We’ve tested these cool, cheap screamers against a range of today’s best processors to see whether one of them might be the right choice for your next PC build. Also, we’ve taken a little extra time to explore power use, overclocking, and the impact on the Core 2 processors of dropping from 4MB to 2MB of L2 cache. Keep reading to see what we found.

The chips

The first of our two contestants is the Core 2 Duo E6300, the humblest of Intel’s new Core 2 processors. Unlike its fancier big brothers, the E6300 has only 2MB of L2 cache to share between its two execution cores. You’ll find plenty of sources that will tell you the code name for these 2MB Core 2 Duo processors is “Allendale,” but Intel says otherwise. These CPUs are still code-named “Conroe,” which makes sense since they’re the same physical chips with half of their L2 cache disabled.

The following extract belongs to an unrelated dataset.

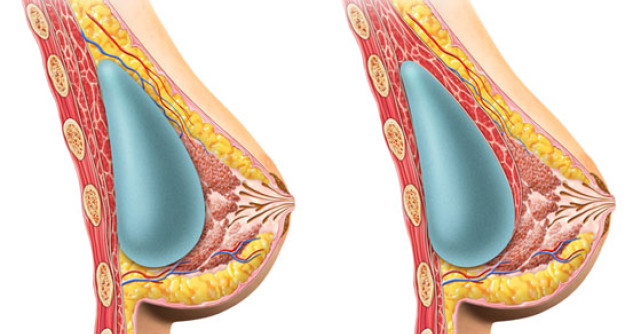 Ce crede lumea despre marirea sanilor si care este adevarul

Intel may well be cooking up a chip code-named Allendale with 2MB of L2 cache natively, but this is not that chip.

Whatever the name, the E6300 shares its faster siblings’ 65nm fab process and 1066MHz front-side bus speed, but it runs at a relatively relaxed 1.86GHz clock frequency. The E6300 also has the same 65W thermal design power (TDP) rating as the rest of the desktop Core 2 Duo family, despite its much lower clock rate. The Core 2 Duo E6700, for instance, runs at 2.67GHz and fits into the same 65W thermal envelope. In practice, I would expect most Core 2 Duo E6300s to use less power than an E6700, although power use will vary from chip to chip because Intel sets stock voltages for each processor at the factory.

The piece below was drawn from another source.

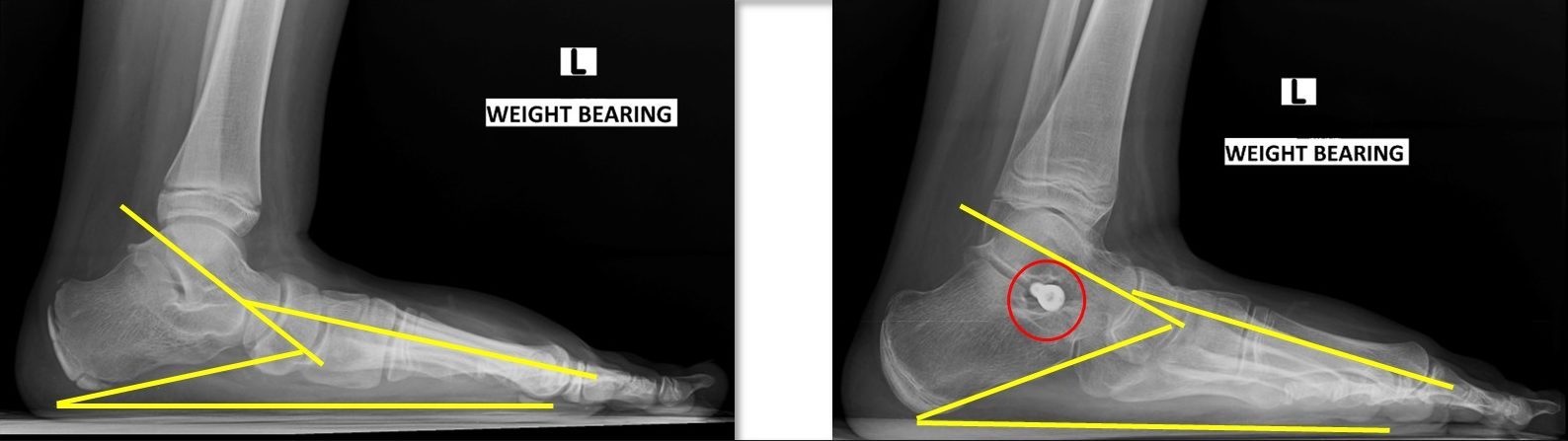Flexible Flatfoot Arthroereisis Correct Pre- and Post- Lat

Regardless, the Core 2 Duo line’s 65W TDP compares quite favorably to the Pentium D 805’s 95W rating or the Pentium D 950’s considerable 130W TDP.

If you really want to go low on the power, though, our second contender may be an even better fit. AMD uses a more conservative formula to estimate thermal design power than Intel, and even so, the Athlon 64 X2 3800+ Energy Efficient Small Form Factor carries a TDP rating of only 35W. As you might have gathered, this puppy is intended for use in low-power, low-noise systems such as home theater PCs.

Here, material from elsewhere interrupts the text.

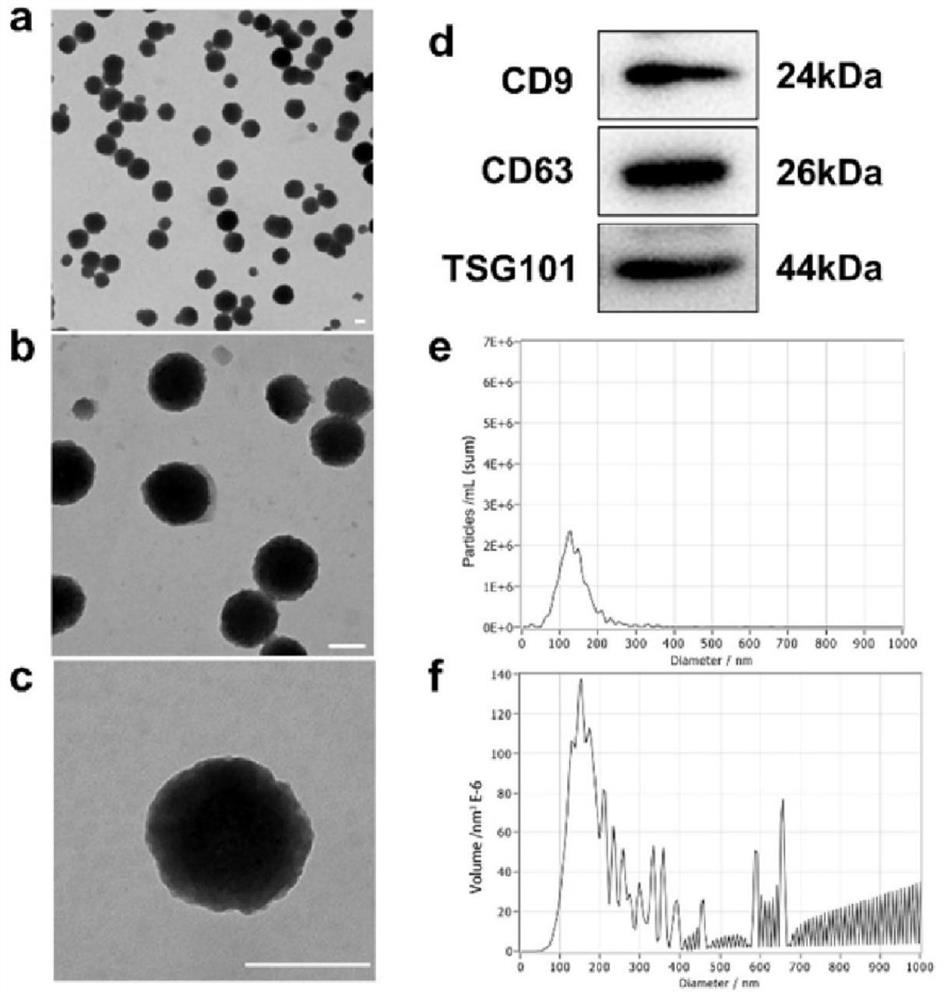 Preparation method and application of microneedle loaded with nano-motor driven exosome for treating enthesiopathy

In fact, we should come clean. Our efforts to compare this processor to the Core 2 Duo E6300 may not be entirely apt. AMD offers two other versions of the Athlon 64 X2 3800+ for its Socket AM2 infrastructure that might be a closer match for the E6300. The plain ol’ Athlon 64 X2 3800+ comes with a TDP of 89W, while the Energy Efficient (but not Small Form Factor) version has a 65W TDP. AMD makes these different power grades of its processors by tweaking the way that the chips are fabricated, and it charges more for the lower power versions.

Heck, the, err, A64 X2 3800+ EE SFF is almost certainly the same chip as the Turion 64 X2, but with different packaging and pinout. It’s possible that Intel might eventually release a similar low-power version of the Core 2 Duo that’s based on the “Merom” mobile variant of the Core 2.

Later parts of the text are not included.